What is required>
Please set down only the lines from the one containing "softback Book Achieving" through the end of the entries below, exactly, minus any pictures.

-=-=-

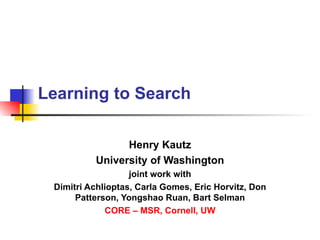 Learning to Search Henry Kautz University of Washington joint work with Dimitri Achlioptas, Carla Gomes, Eric Horvitz, Don Patterson, Yongshao Ruan, Bart Selman CORE – MSR, Cornell, UW 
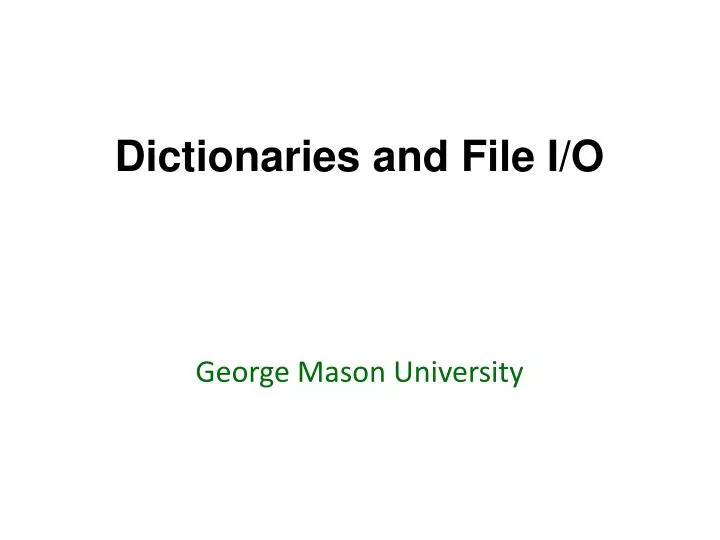 dictionaries and file i o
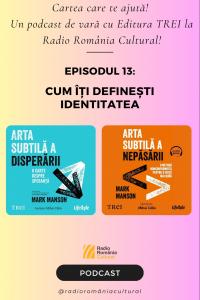Cum îți definești identitatea | PODCAST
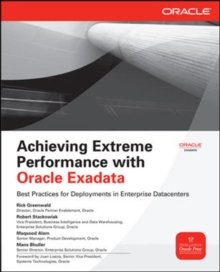 Achieving Extreme Performance with Oracle Exadata, Paperback / softback Book Achieving Extreme Performance with Oracle Exadata, Paperback / softback Book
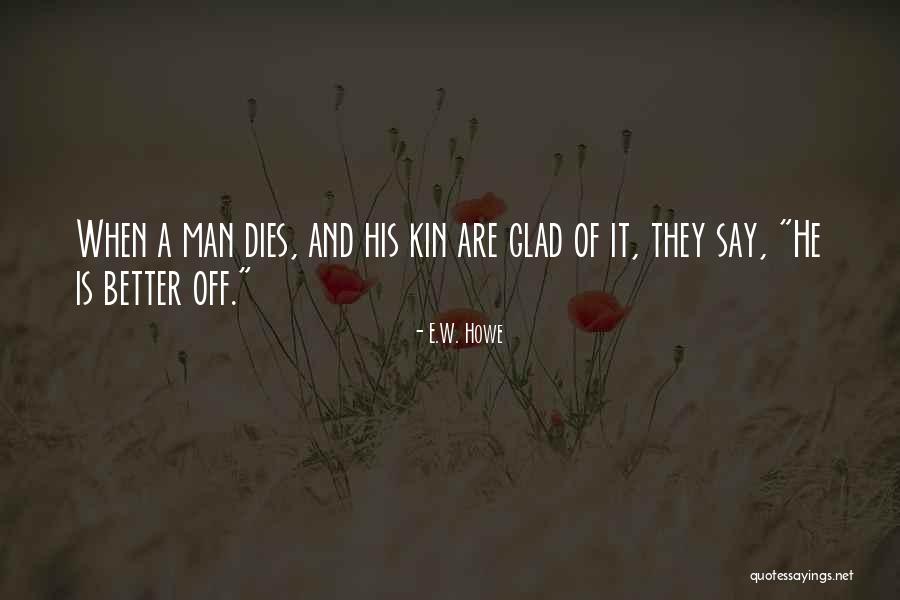 Krishawn Mcintosh Quotes By E.W. Howe Krishawn Mcintosh Quotes By E.W. Howe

-=-=-

Answer below>
 Achieving Extreme Performance with Oracle Exadata, Paperback / softback Book Achieving Extreme Performance with Oracle Exadata, Paperback / softback Book
 Krishawn Mcintosh Quotes By E.W. Howe Krishawn Mcintosh Quotes By E.W. Howe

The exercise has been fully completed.